D’ailleurs, il ne voit pas de différences entre « la scène » et la « vraie vie » : tout cela s’entremêle délicieusement et s’enrichit mutuellement, sans discontinuité. On pose souvent la question à Soa de savoir qui se cache derrière son personnage – sans que cela ne l’agace le moins du monde. Mais il répond placide, quoiqu’amusé : « Rien d’autre que moi », sachant très bien que c’est déjà énorme. Car c’est là un des autres traits caractéristiques des drags que Soa embrasse parfaitement : la démesure, non pas de son ambition, mais de sa capacité à affirmer toutes les vérités du monde et à en faire des vérités pour tout le monde. C’est d’ailleurs l’une des puissances par excellence des artistes, qui transparaît particulièrement chez Soa De Muse : rendre sensibles et réelles des propositions que l’on n’aurait jamais imaginées possibles – ou même imaginées tout court. Au nom du « toute licence en art » d’André Breton, les artistes comme Soa réalisent l’impossible.

Si elle est bien là où elle est, c’est-à-dire en haut de l’affiche en ce moment, c’est parce qu’il sait que cela lui permettra de tenir la porte qu’elle a ouverte à ses amies et amis.

S’affranchir par l’excès

C’est là qu’il faut aller chercher les origines de l’admiration que suscitent les drags : dans leur capacité si élégamment fardée à s’affranchir, par le rire et le beau, le trop et l’’incroyable, des limites de l’attendu voire du convenu. C’est cela qui permet à Soa De Muse de ne pas se cacher derrière son petit doigt lorsqu’il s’agit de sortir du cadre dans lequel on l’attend. Et cela combien parce qu’elle excelle en matière « d’ordureries » [des propos orduriers, mais version moulures au plafond]. Habilement, il entremêle les styles dans ses prises de parole. Ainsi, au dîner de gala pour le Sidaction dont le dress code voulait que les femmes portent des « robes cocktail » et les hommes des « costumes sombres », voilà Soa De Muse qui harangue la foule présente, habillée divinement d’un simple string à collier (oui oui) et d’une longue robe de chambre en tulle complètement transparente : « Y en a qui viennent du 93 ? Personne ? Bah tu m’étonnes : allez manger vos morts ! »

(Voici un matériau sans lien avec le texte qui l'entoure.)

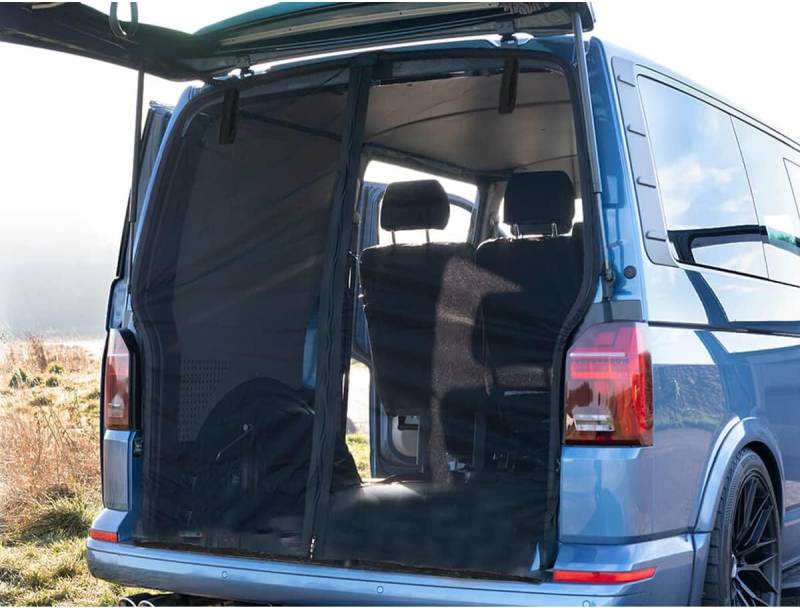 Heckklappe Flügeltür Kofferraumabdeckung Sonnenschutz 180 * 150 cm Sonnenschutz Vorhänge Magnetisch Fliegengitter Schwarz Mesh Moskitonetz für Wohnmobil Wohnwagen Camping Zubehör von EHOTER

Forte de ces contrastes et de ces ruptures mis à littéralement à nu, Soa De Muse est un artiste. Elle le revendique haut et fort. Il refuse d’être un simple « placement de produit ». « Être drag, participer à “RuPaul’s Drag Race France”, ça me permet surtout d’utiliser des plateformes [pas les chaussures, quoique] pour montrer quel artiste je suis. » Surtout, Soa a le sens de « la famille », au sens de communauté d’artistes drags : si elle est bien là où elle est, c’est-à-dire en haut de l’affiche en ce moment, c’est parce qu’il sait que cela lui permettra de tenir la porte qu’elle a ouverte à ses amies et amis pour qu’ils et elles s’y engouffrent. Car il ne veut pas profiter seule du moment de célébrité qu’elle savoure avec l’émission : être drag, c’est certes être bitchy avec ses copines, mais c’est aussi et surtout appartenir à un collectif soudé et autogéré, qui a pour objectif de pervertir jusqu’à la lie les normes de notre société bourgeoisement endormie.

Une chose est certaine : demain, Soa De Muse sera peut-être présidente de la République, envoyée sur la Lune, vendeur de smoothies ou juste un truc en plumes. Mais plus probablement encore, elle sera tout cela à la fois.